The Fallacy of Composition
- the fallacy of inferring that a property of parts or members of a whole is also a property of the whole

When a university supervisor argued that my thinking was flawed because I had failed to take account of the fallacy of composition, she meant that an individual cannot act in a social way because what is ‘social’ for the individual is not ‘social’ for society. Individuals ‘economic’ acts do not add up to a functional economy because what is true for the part is not true for the whole. It is easy to see how she arrived at this reasoning. The individual takes account of his own circumstances but in order to reckon with wider circumstances, one needs to move a level ‘up’ and in so doing the logic by which events operate may change. Seen from the logic of an individual perspective, one course of action seems appropriate; seen from the logic of a  societal perspective a different course is needed.The argument is an old one in economics, going back to Mandeville’s Fable of the Bees and particularly emphasised by Keynes’ Paradox of Thrift.
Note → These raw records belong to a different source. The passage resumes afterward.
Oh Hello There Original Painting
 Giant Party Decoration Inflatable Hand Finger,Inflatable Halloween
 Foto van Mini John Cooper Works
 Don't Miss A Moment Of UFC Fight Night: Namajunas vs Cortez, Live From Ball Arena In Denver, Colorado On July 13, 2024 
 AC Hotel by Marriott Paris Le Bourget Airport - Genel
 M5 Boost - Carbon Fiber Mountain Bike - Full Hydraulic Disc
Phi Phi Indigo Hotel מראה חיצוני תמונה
The the fallacy of composition focuses on an interesting phenomenon. What is it that shifts when one changes ones perspective from a purely individual to a societal perspective and how in fact does one do this (if indeed one can), given that there is a threshold of some kind that the fallacy of composition identifies. The fallacy relies on the idea that the two perspectives are incommensurable.

It is probably obvious that I do not accept the assumptions of those who use the so-called fallacy to argue that individuals must necessarily behave in a way that is societally anti-social, though I understand that this is often used a stick with which to beat the marketeers.

But why mention it at all?
The rounds of ‘austerity’ which European states are seeking to impose and the arguments about their effectiveness are gradually bringing the point home that the consequence of everybody being ‘austere’ at the same time will not be a ‘saving’ for everybody. My saving will be your lost income and vice versa. Economically speaking it does not make sense to act according to oneself only, one needs to look at how one’s actions affect the larger picture and then think how those greater circumstances will, in turn, play back into one’s own.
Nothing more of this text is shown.